[Data items]
━━━━━━
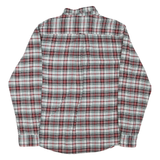 Mens Red & Grey Check Cotton Shirt L Button-Down Collar Long Sleeve Casual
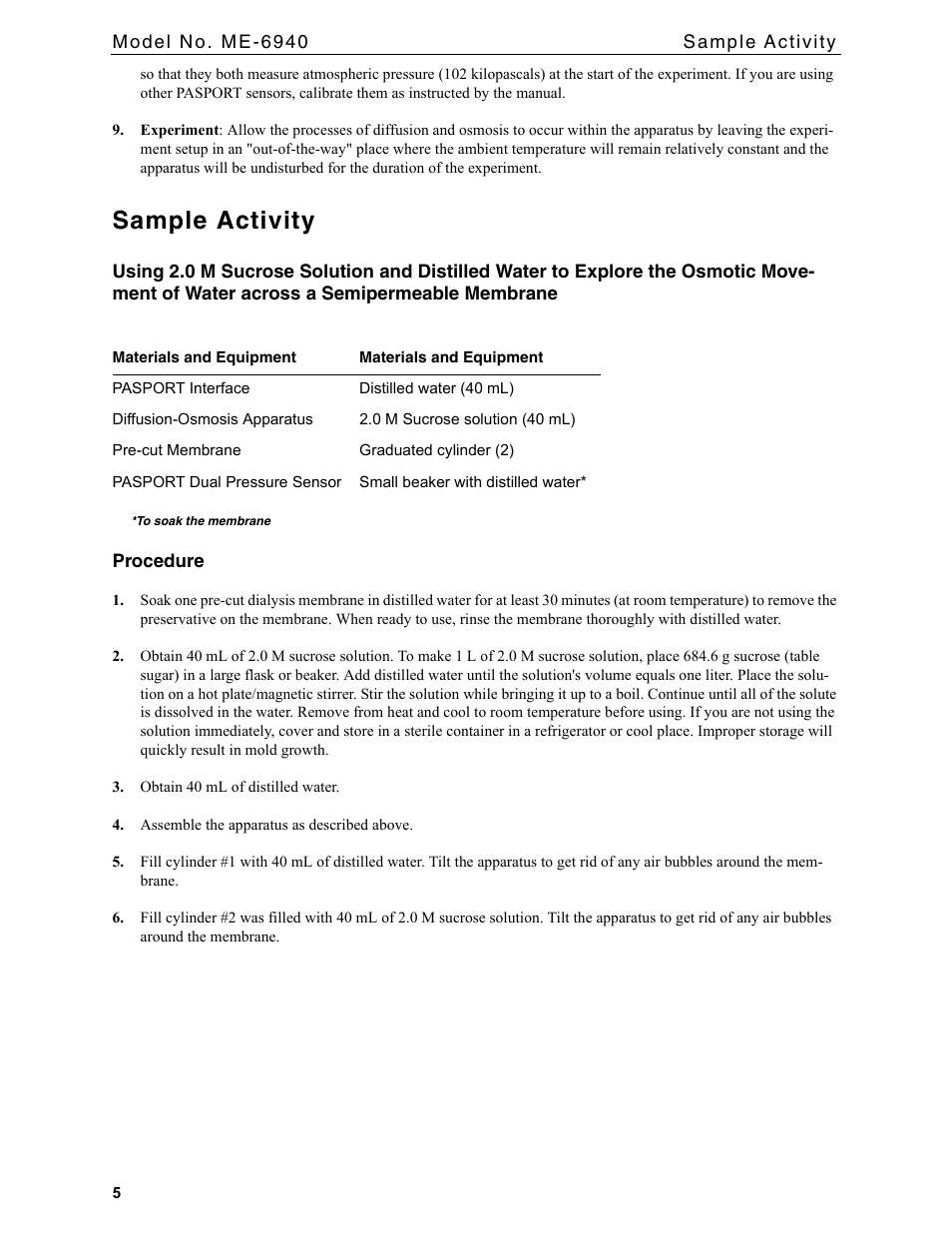 Sample activity | PASCO ME-6940 Diffusion-Osmosis Apparatus User Manual | Page 5 / 12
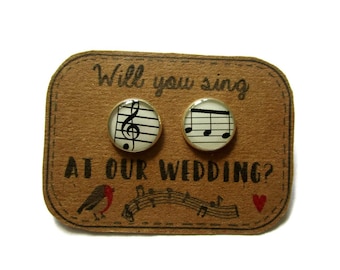Trouwoorbellen, zangeroorbellen, muzieksieraden, zing je op onze bruiloft?, cadeau voor een zanger op onze bruiloft, muzieknoot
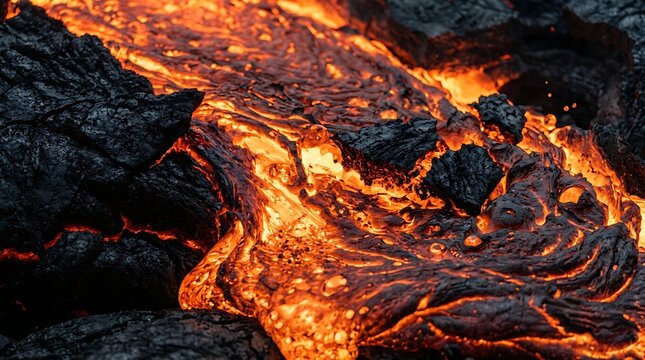 Molten lava flowing over volcanic rock. Glowing magma stream from an active volcano eruption.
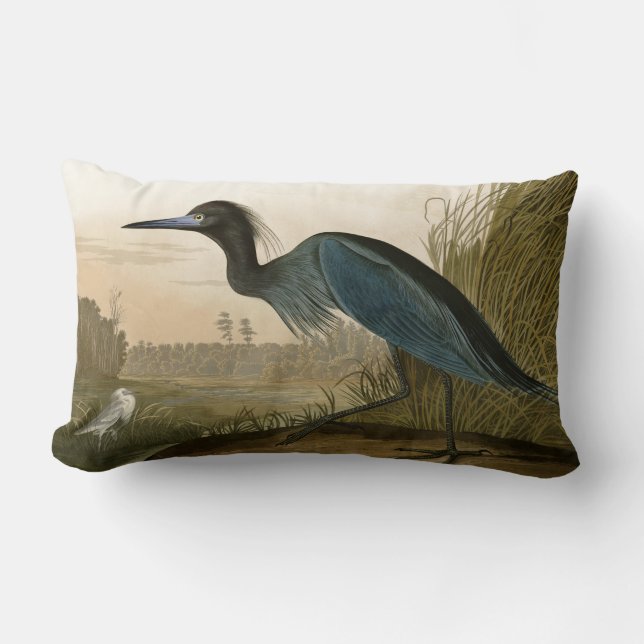 Coussin Rectangle Grue bleue Héron Impression Audubon Art côtier (Recto)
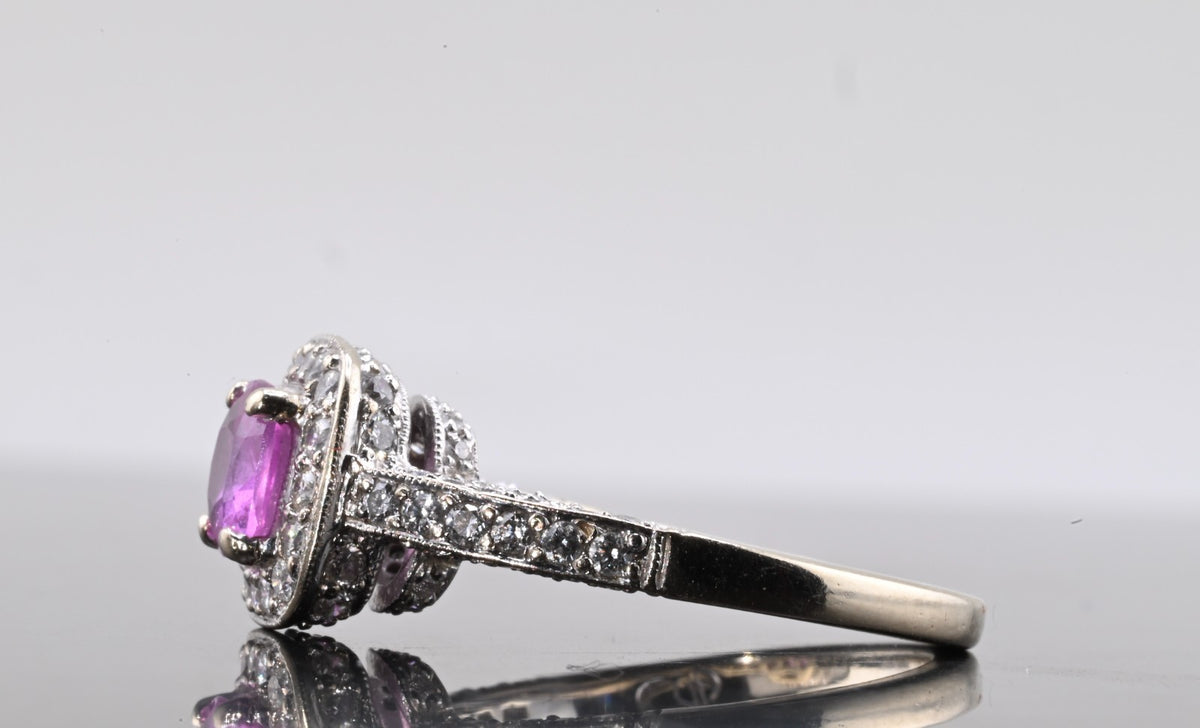 Vintage 1 ct Natural Pink Sapphire & Halo Diamond Ring 14K W  Gold IGI Certified6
━━━━━━
* [About this exercise] Except for the pictures, print the data above exactly.

* [Answer area]
 Mens Red & Grey Check Cotton Shirt L Button-Down Collar Long Sleeve Casual
 Sample activity | PASCO ME-6940 Diffusion-Osmosis Apparatus User Manual | Page 5 / 12
Trouwoorbellen, zangeroorbellen, muzieksieraden, zing je op onze bruiloft?, cadeau voor een zanger op onze bruiloft, muzieknoot
 Molten lava flowing over volcanic rock. Glowing magma stream from an active volcano eruption.
 Coussin Rectangle Grue bleue Héron Impression Audubon Art côtier (Recto)
 Vintage 1 ct Natural Pink Sapphire & Halo Diamond Ring 14K W  Gold IGI Certified6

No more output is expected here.